The Misrecognition You Can Bear

By Cassius Adair, 2017
By Cassius Adair, 2017

The Misrecognition You Can Bear investigates how gender non-conforming and racialized subjects navigate systems of legal recognition. Through close textual analysis of historical archives, literary fiction, digital media, and public policy, this dissertation examines how technologies of legal recognition—namely, identification papers such as drivers’ licenses, name change orders, and birth certificates, shape gendered and racialized belonging. Identification documents and their attendant public policies persist as controversial topics in twenty-first century U.S. life; voter ID legislation, transgender activists’ appeals for gender marker changes, stop-and-identify policing, and the emergence of an undocumented movement are all instances in which documents index social debates about identity and belonging. These debates are not confined to the headlines, but instead are deeply embedded in the social, aesthetic, and personal lives of those whose identities are contested through state identification.
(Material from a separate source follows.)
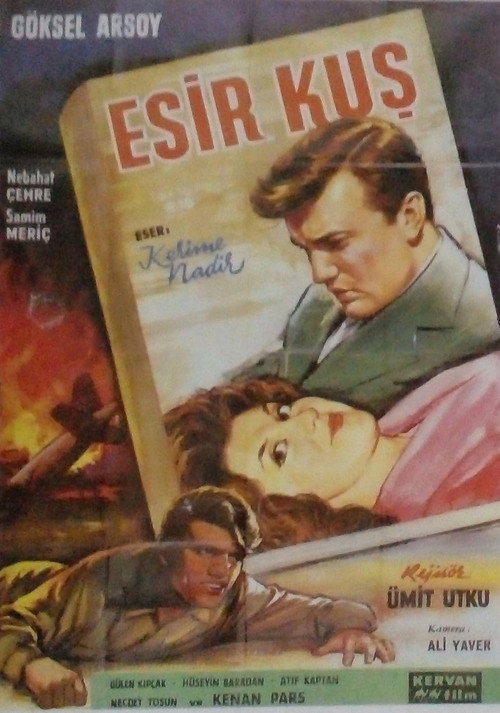 Cartel de Esir Kuş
Drawing on early twentieth-century newspapers from Atlanta and Chicago, contemporary short stories by transgender authors Casey Plett and A. Raymond Johnson, archived posts from the early digital communication service Usenet, and a novel by Bengali-American writer Jhumpa Lahiri, I demonstrate how state regulatory practices are central concerns in both the political and aesthetic lives of marginalized subjects. I argue that these texts expose the mutually constitutive relationship between the legal apparati of recognition and recognition as a social and embodied practice. As such, The Misrecognition You Can Bear intervenes in transgender studies, queer studies, and ethnic studies through understanding recognition as both a legal status and an intimate relationship. This dissertation therefore explains why identification is, for marginalized people, both political and personal.